The Jammu and Kashmir High Court. | jkhighcourt.nic.in

By Scroll Staff

The Jammu and Kashmir and Ladakh High Court has said that the term “security of state” under the Public Safety Act is valid grounds to detain a person in the Union territory, Live Law reported on Tuesday.

A bench of Chief Justice N Kotiswar Singh and Justice Moksha Khajuria Kazmi made the observation on July 3 while setting aside an appeal challenging the preventive detention of a man named Yawar Ahmad Malik under the Act, Bar and Bench reported.

The Jammu and Kashmir Public Safety Act, 1978, is a preventive detention law under which persons can be taken into custody to prevent them from acting against “the security of the state or the maintenance of the public order” in the Union territory.

In its order on July 3, the court dismissed an argument made by the petitioner’s counsel that a person could no longer be held in preventive detention under the Act after Jammu and Kashmir became a Union territory in 2019.

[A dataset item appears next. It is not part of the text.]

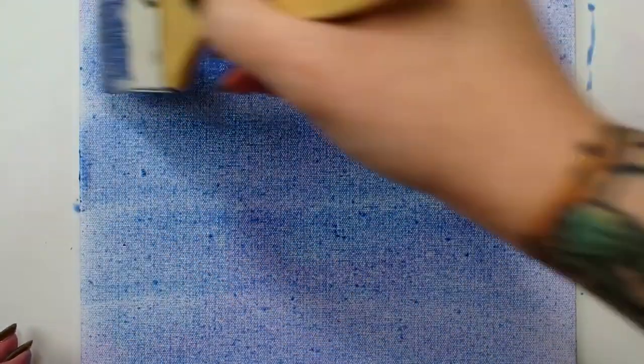I use this brush to tint a canvas. I know it'll get the job done quickly and evenly.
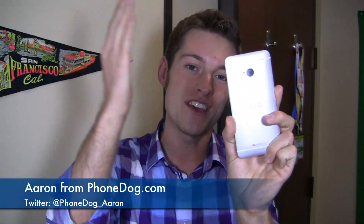I'm Aaron Baker from phonedog.com and this is part 2 of the full video review of the HTC One. This thing is gorgeous and it's packing some incredible internals under the hood. Is this the Android phone to get? Should you hold off for the Galaxy S4, or maybe for the LG Optimus G Pro to hit the states? We'll find out in the full video review of the HTC One part 2, which starts right now.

In August 2019, the Bharatiya Janata Party-led Union government abrogated Article 370 of the Constitution that gave special status to Jammu and Kashmir and bifurcated the state into two Union territories.

“There is no doubt that the definition of state as contained in Section 3 (58) of General Clauses Act, 1898 includes Union territory,” the court said on July 3, according to Live Law.